Book Solution: \begin{align*} dy/dx=x^2,y&=\int x^2dx = x^3/3+C;\\ y&=2 \textrm{ when } x=-1,\textrm{ so } (-1)^{3}/3+C = 2, C=7/3\\ \textrm{thus } y&=x^{3}/3+7/3 \end{align*} My solution:
Here is my first thought for solving this, possibly $\vec{v} = (x,y)$ then we get, $$\frac{dy}{dx} = 3\|\vec{v}||^{2}\implies y =\int3\|\vec{v}||^{2}dx $$ After doing said integration, solve the initial value problem to get $C_{1}$.
The above must be incorrect since this would mean that $\vec{v}$ is a vector from the origin; So I will do my best to break my thought process into an algorithm the reader can understand, which may aid in helping me.
What I think I know.
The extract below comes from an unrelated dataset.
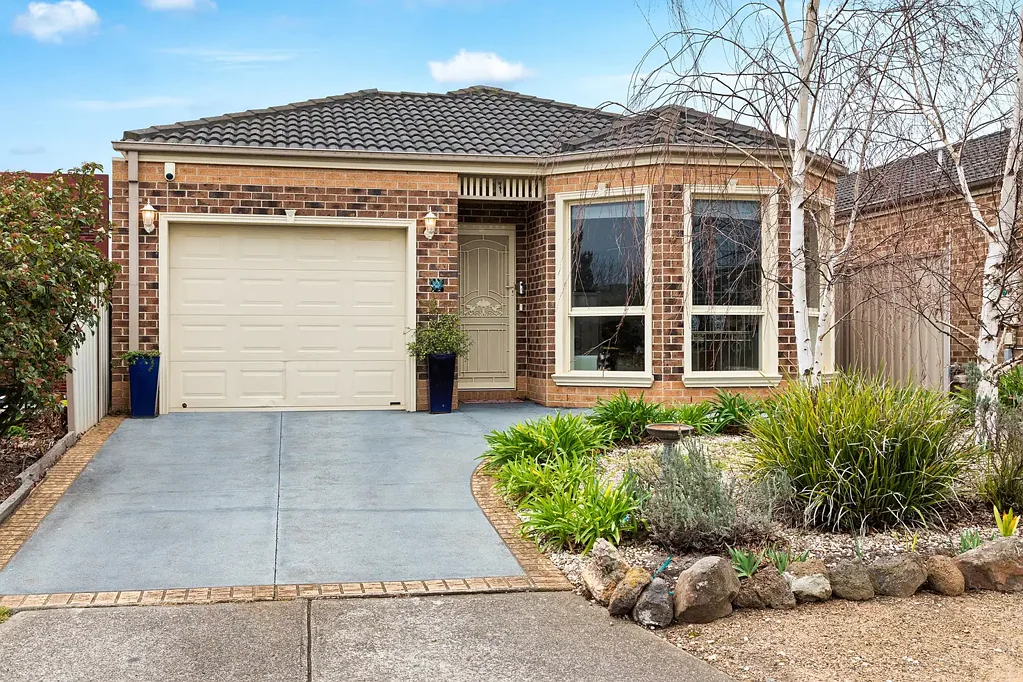 Melton West 4 Bedroom Prime Location and Low Maintenance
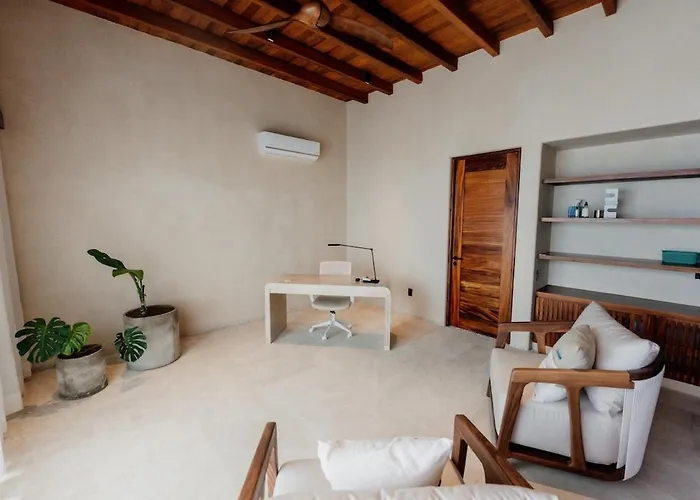 Casa Yuri Luxury Cliffside Zihuatanejo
The labels (1, 2, ... 7) can be used to aid in replying to my question.
- (1) F(x) = y
- (2) "at each point", every (x,F(x)).
- (3) "on the curve", the equation F(x).
- (4) "the slope", $\frac{dy}{dx}$
- (5) "equals three times the square," three times a square is 3(x^2).
- (6) "the distance between the point and the y-axis", Since it's asserting the distance between the point and the y-axis, I think it's safe to assume what ever vector I come up with will not be going through the origin, so possibly if $P1 = (0,y)$, and $P2 = (x,y)$ then $\vec{P1P2} = (x,y)-(0,y) = (x,y-y) = (x,0)$
- (7) "the point (-1,2) is on the curve". This will be used to find our $C_{1}$
Here is my Second thought. Using $\vec{P1P2}$ from (6) \begin{align} \frac{dy}{dx} &= 3||\vec{P1P2}||^2\\ &= 3x^2 \\ \therefore y &= \int3x^2dx = 3\frac{1}{3}x^{3}=x^3+C_{1} \\ \end{align} Finally finding $C_{1}$ (7) \begin{align} y(-1) & = (-1)^3 + C_{1}\\ \implies 2 &= -1 +C_{1} \\ 3 &= C_{1} \end{align}
So we now have, $F(x) = y = x^{3} + 3$.
Any help that can be provided is greatly appreciated; thanks in advance.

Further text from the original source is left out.